§ **TASK GOAL**: Leave out the images and return all the data word for word.

§ **RECORDED INFORMATION**:
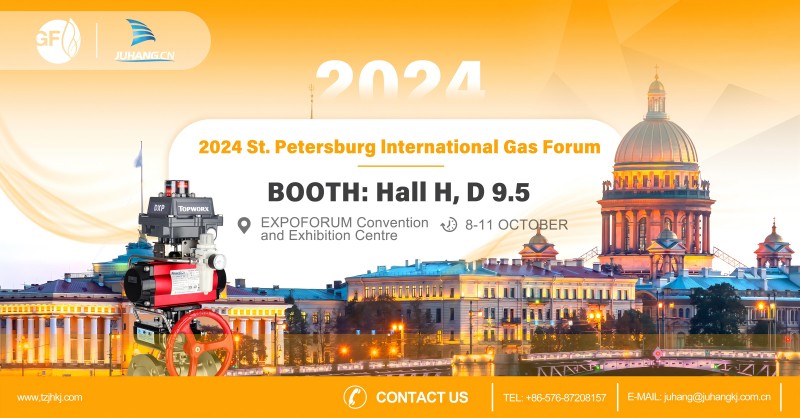 Juhang vil delta i St. Petersburg International Gas Forum 2024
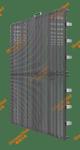 Outdoor transparent screen rental screen T-pro series P3.91-7.81 die-cast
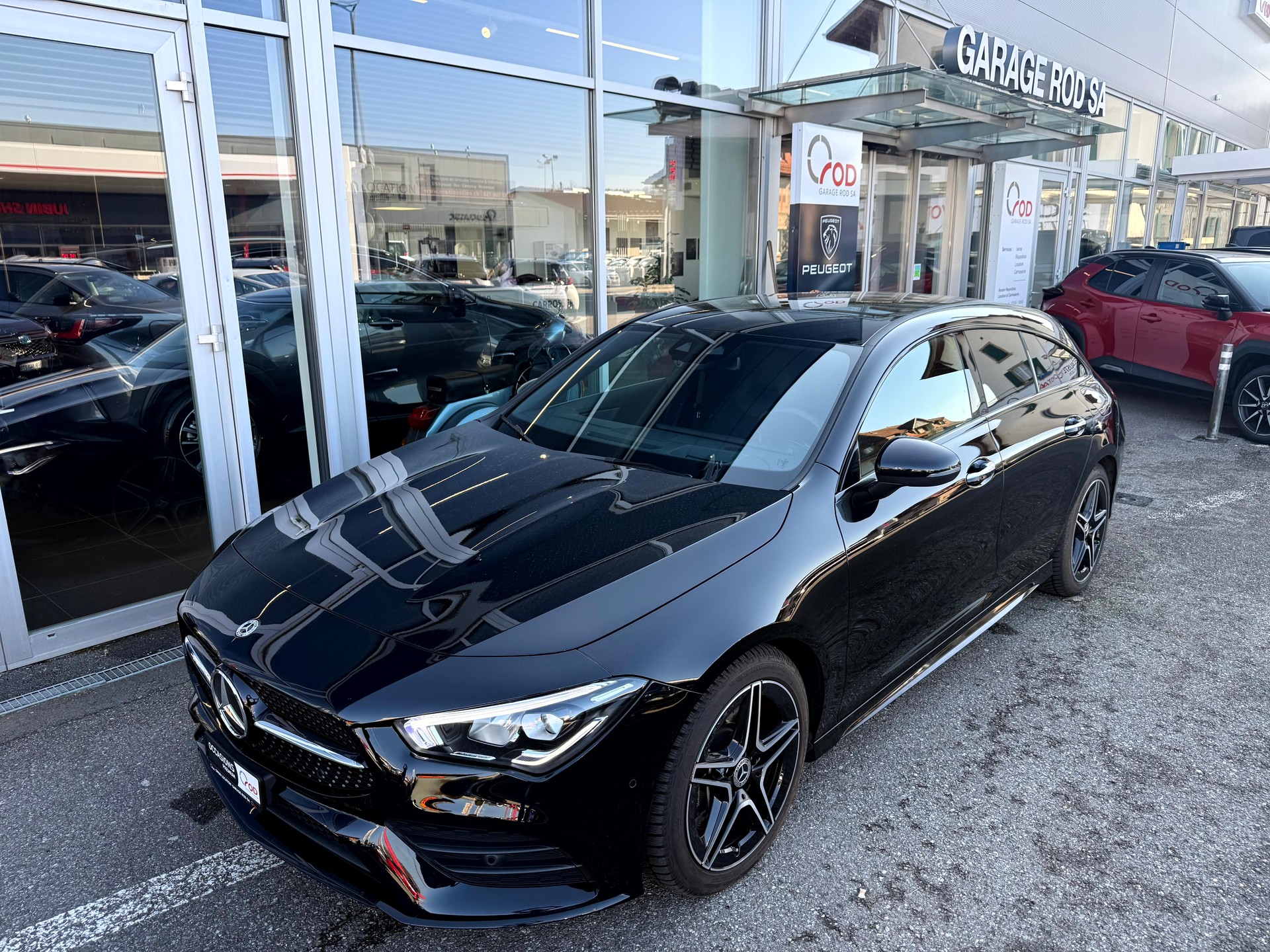MERCEDES-BENZ CLA Shooting Brake 250 4Matic 7G-DCT AMG Line-image-8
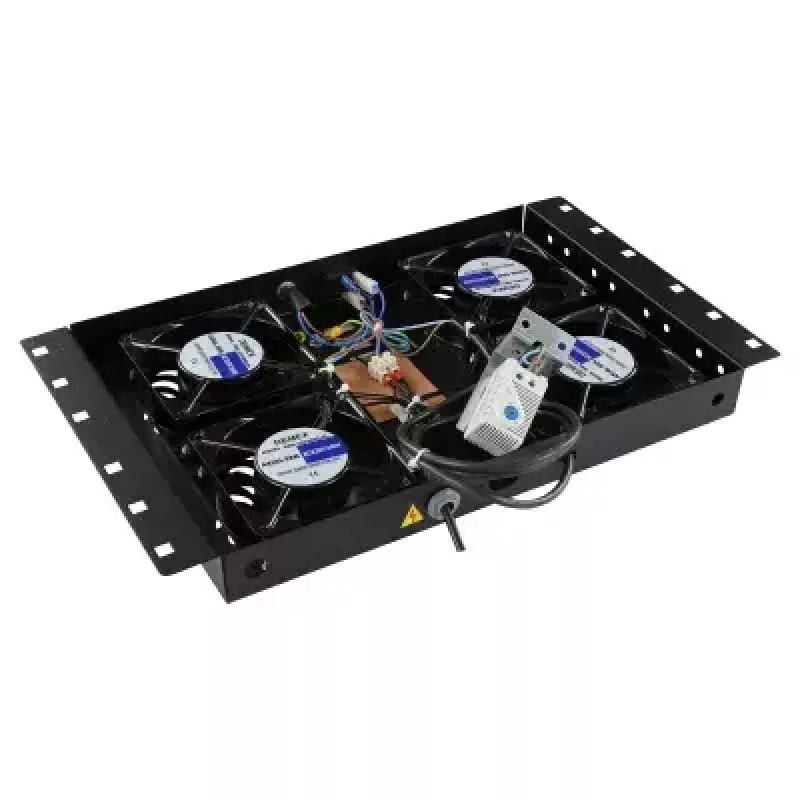 Lüfterpanel LOGON RAF120BL Schwarz 4 Lüfter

§ **SOLUTION TO THIS EXERCISE**:
 Juhang vil delta i St. Petersburg International Gas Forum 2024
 Outdoor transparent screen rental screen T-pro series P3.91-7.81 die-cast
MERCEDES-BENZ CLA Shooting Brake 250 4Matic 7G-DCT AMG Line-image-8
 Lüfterpanel LOGON RAF120BL Schwarz 4 Lüfter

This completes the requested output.